I wait for Dr. Jahns’s next question but get nothing. His practiced eye contact suggests this silence is a strategy of some sort. Won’t he be disappointed to learn I’m in no hurry. We remain mute three minutes. I know it’s three minutes exactly because there’s a clock on the wall the size of an oven, probably to make sure weepy patients are aware when their session has ended. I fill the quiet time pretending we’re in a staring competition. Dr. Jahns does pretty well considering he doesn’t know we’re playing.
He finally loses the chicken fight by asking me to describe my current state. “I don’t know,” I say, thrilled by the victory. “My mom did everything. I guess I’m afraid of how I’ll get on without her.”
“So you’re scared for your well-being?”
“I didn’t say scared,” I correct.
“I’m sorry, you’re right, you said afraid. Let me rephrase, are you afraid for your well-being?”
He succeeds at making me sound like a dumbass. Current score: 1-1. “Yeah, I guess,” I say, looking at the clock. Forty-eight minutes until I can bail on talking doctors for good.
“Mmm. What about lonely? Do you feel lonely?”
“Duh.”
“Tell me about that.”
“Tell you the definition of lonely?” He folds his arms but says nothing. Another standoff. I don’t want to sit through a round of silence, so I add, “We spent a lot of time together. Now she’s gone. And it’s not like anyone understands.”
“So it sounds like lonely and scared are closely related emotions for you. You depended on your mom, so without her you’ve lost a key support. Losing that foundation would, quite understandably, make you feel isolated and unsure.”
“Good summary,” I reply in a voice my mom would call patronizing. It’s fun to be a smart-ass with this guy. Maybe I’ll come back just to mess with him.
“How did you feel about suicide prior to your mom’s death?”
Is he for real? “Great. I loved it. I thought suicide was awesome.”
He tips his head to the right. “Did my question irritate you?”
I tip my head to the left. “Yes.”
“Because you found the answer obvious?”
“Because I found the question pointless.”
“Huh. Okay. What should I have asked?”
I stop. That’s actually a decent comeback. Another point for the talking doctor. “What you’re really wondering.”
“What am I really wondering?”
“If I know why she did it. If there’s some big secret I’m hiding.”
He raises his eyebrows like the thought hadn’t crossed his mind. As if. “Is there?”
“No. I don’t know. I-I thought she was happy.” How did this get back to a serious conversation?
“So you didn’t know your mom was having a tough time?”
“And for the second time—no.” He underlines something on his notepad. Hopefully it’s the fact that I didn’t know, so he’ll fucking drop it.

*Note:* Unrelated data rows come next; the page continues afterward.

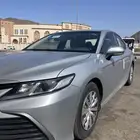 كامري ستاندر 2022 وكاله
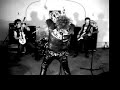 Anti-Nowhere League - Pig Iron 2006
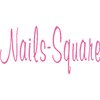 ネイルズ スクエアー(Nails Square)ロゴ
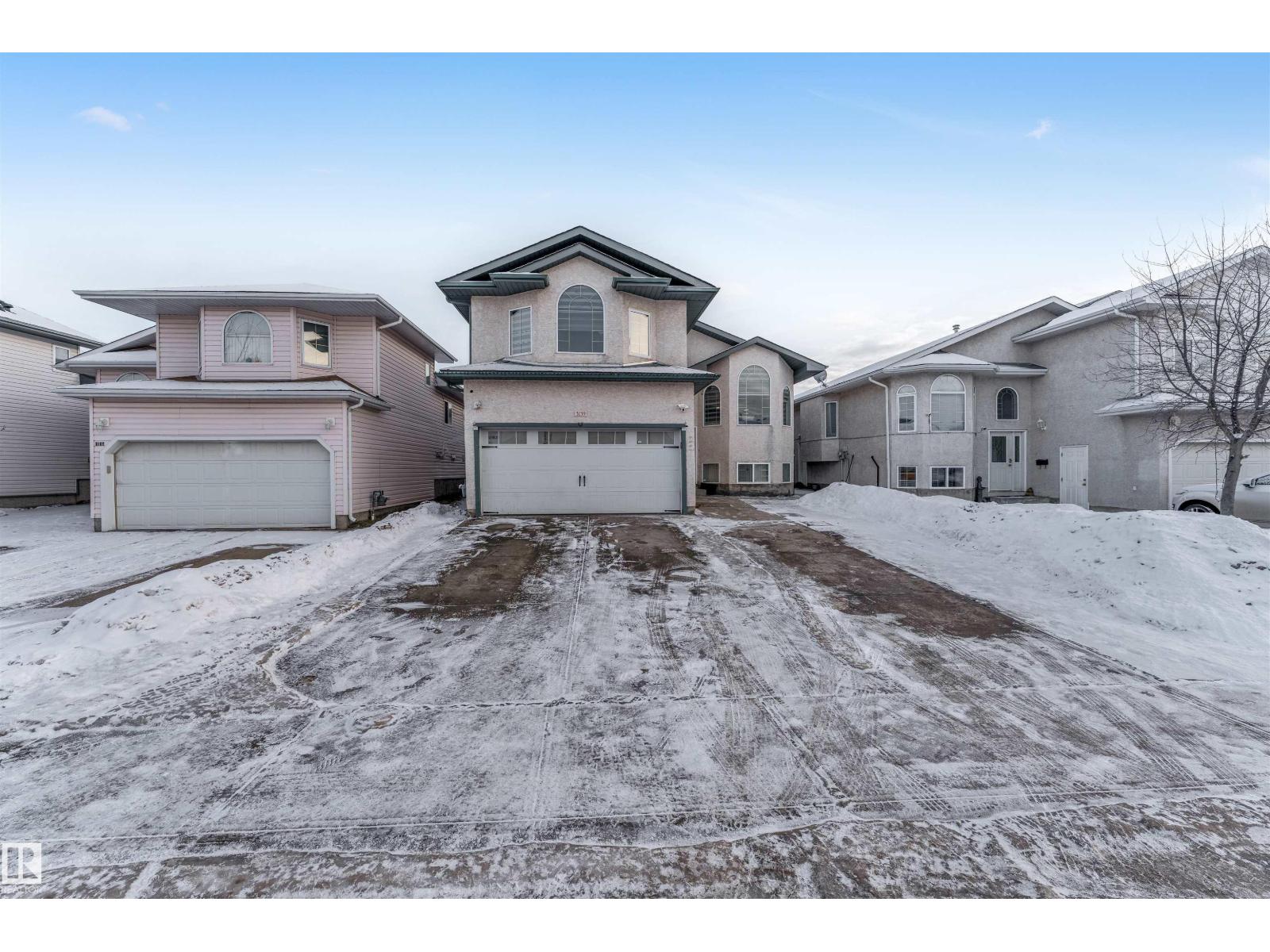 3139 34b Av Nw, Edmonton, Alberta  T6T 1T6 - Photo 1 - E4478919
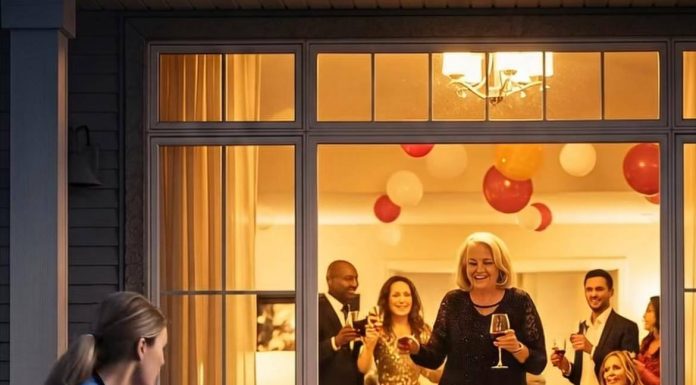 Tišina koja je postala oružje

“Right.” He looks right at me. “So why did you think your mom was happy?”
He’s got me there. Up until three months ago I thought everyone was more or less happy. “I mean … I like … assumed it, but then, I never asked her.”
He puts the notepad down. “Asked her what?”
“Asked her anything. I mean, I asked if I could have stuff or if she could do stuff for me. You know, Can you … take me here, wash this, make that, buy these? I thought I was this great kid since I always said please and thank you, but I never asked how she was doing.”